6 Apr. 2011

 

L'impronta delle supernovae oscure

 

Siamo abituati a pensare alle supernovae come a fenomeni tra i più luminosi dell'universo, esplosioni stellari visibili fino a miliardi di anni luce di distanza. Ma quasi incredibilmente, si stima che circa il 20% di tutte le supernovae siano assolutamente oscure, non riuscendo ad emettere la luce dell'esplosione a causa della rapidità del collasso e dell'altrettanto rapida formazione del buco nero che fagocita tutto ciò che apparteneva alla stella progenitrice, compresa la luce dell'esplosione.

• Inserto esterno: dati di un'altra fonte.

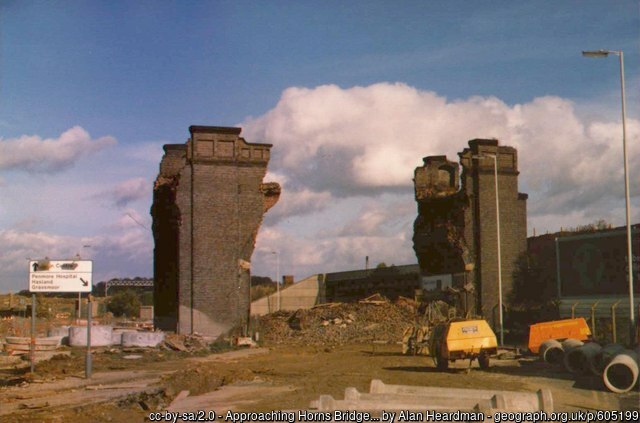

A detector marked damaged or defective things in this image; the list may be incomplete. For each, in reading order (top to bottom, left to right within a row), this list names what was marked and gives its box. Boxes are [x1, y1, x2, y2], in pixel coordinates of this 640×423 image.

broken brickwork [152, 126, 280, 338]
broken brickwork [412, 139, 528, 324]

Quindi, se le stime sono corrette, 1 supernova su 5 risulterebbe del tutto invisibile e se avessimo la possibilità di osservare una stella nell'istante del collasso, la vedremmo semplicemente sparire dal cielo.
C'è però forse una via, nemmeno tanto indiretta, per registrare quel tipo di "supernovae fallite". Un sottoprodotto di quelle esplosioni sono i neutrini, e anche se finora abbiamo un unico precedente di rilevazione di neutrini derivanti da una supernova, la 1987A della Grande Nube di Magellano, i modelli ci dicono che tutte le supernovae li producono, e in quantità maggiore al crescere della massa del progenitore.

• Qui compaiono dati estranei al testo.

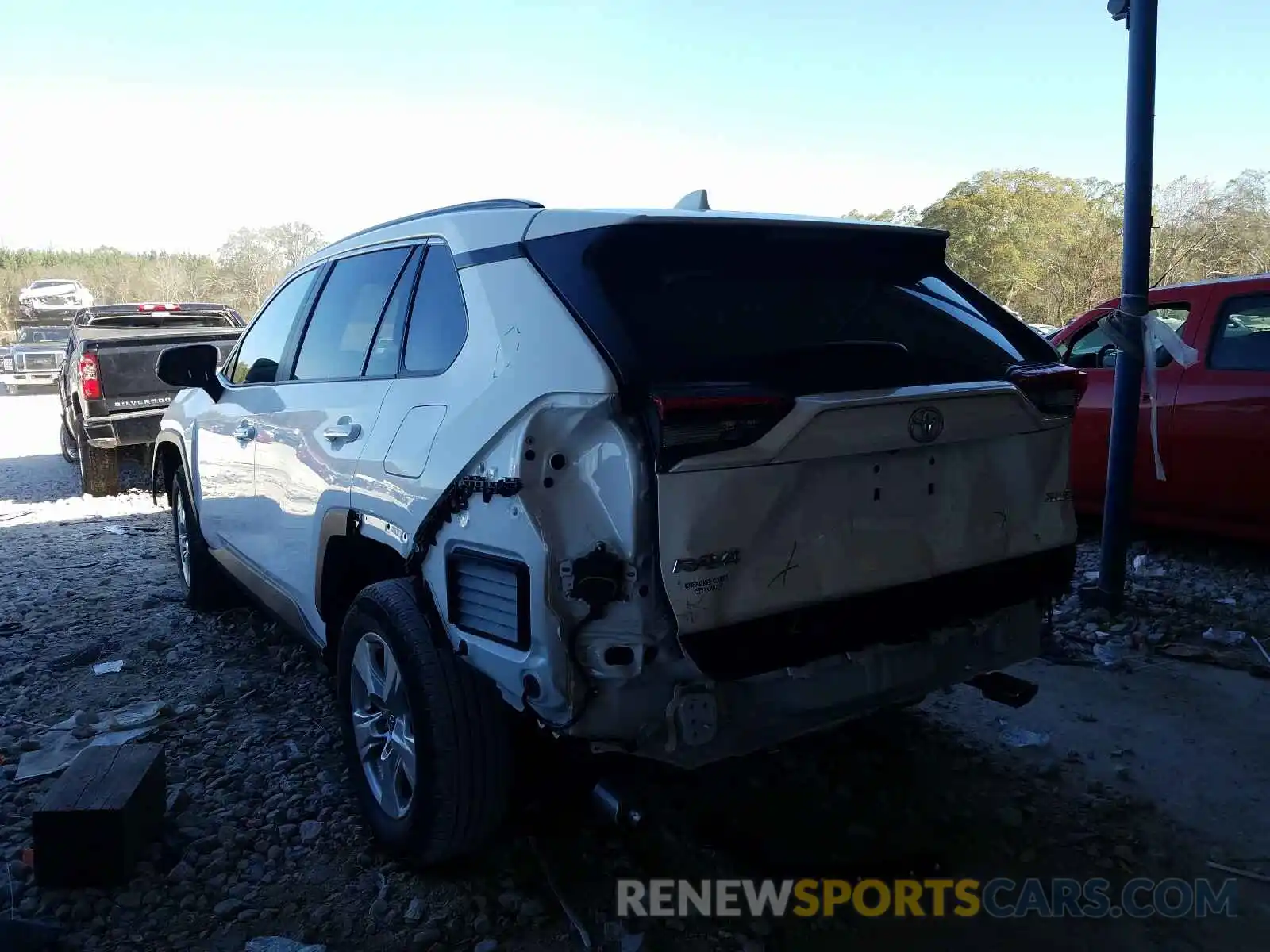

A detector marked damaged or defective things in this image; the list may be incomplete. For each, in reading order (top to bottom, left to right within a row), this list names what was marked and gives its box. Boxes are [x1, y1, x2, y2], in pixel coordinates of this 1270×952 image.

I neutrini prodotti all'inizio del collasso riuscirebbero a sfuggire al nascente buco nero e potrebbero quindi segnalare all'esterno l'avvenuta esplosione stellare. Questa possibilità è stata presa in considerazione da Lili Yang (Arizona State University) e Cecilia Lunardini (Brookhaven National Laboratory) in un lavoro di prossima pubblicazione.
Le due ricercatrici calcolano che se oggi i rivelatori di neutrini consentono di rivelare solo 1-3 eventi neutrinici da supernovae galattiche o delle Nubi di Magellano nel corso di un secolo, i rivelatori della prossima generazione, circa 1000 volte più grandi secondo i progetti, potranno catturare neutrini di esplosioni avvenute fino a 13 milioni di anni luce di distanza, includendo quindi non solo M31 in Andromeda, ma anche diverse galassie con elevato tasso di formazione stellare e quindi con elevato tasso di supernovae.

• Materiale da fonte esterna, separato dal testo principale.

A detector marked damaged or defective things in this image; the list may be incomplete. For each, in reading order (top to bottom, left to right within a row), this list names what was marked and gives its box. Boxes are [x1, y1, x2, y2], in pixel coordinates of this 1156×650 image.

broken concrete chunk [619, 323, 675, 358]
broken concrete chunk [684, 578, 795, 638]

Il maggior volume di universo "osservabile" porterà quindi all'identificazione dell'avvenuta esplosione o, meglio, implosione, di un certo numero di supernovae oscure
, forse una ogni 10 anni. L'energia dei loro neutrini (attorno a 56 MeV, contro i 33 MeV delle supernovae visibili) e la brevissima durata del flusso in transito (circa 1 secondo, contro circa i 10 secondi del restante 80% di eventi) permetterà di discriminare la loro reale provenienza.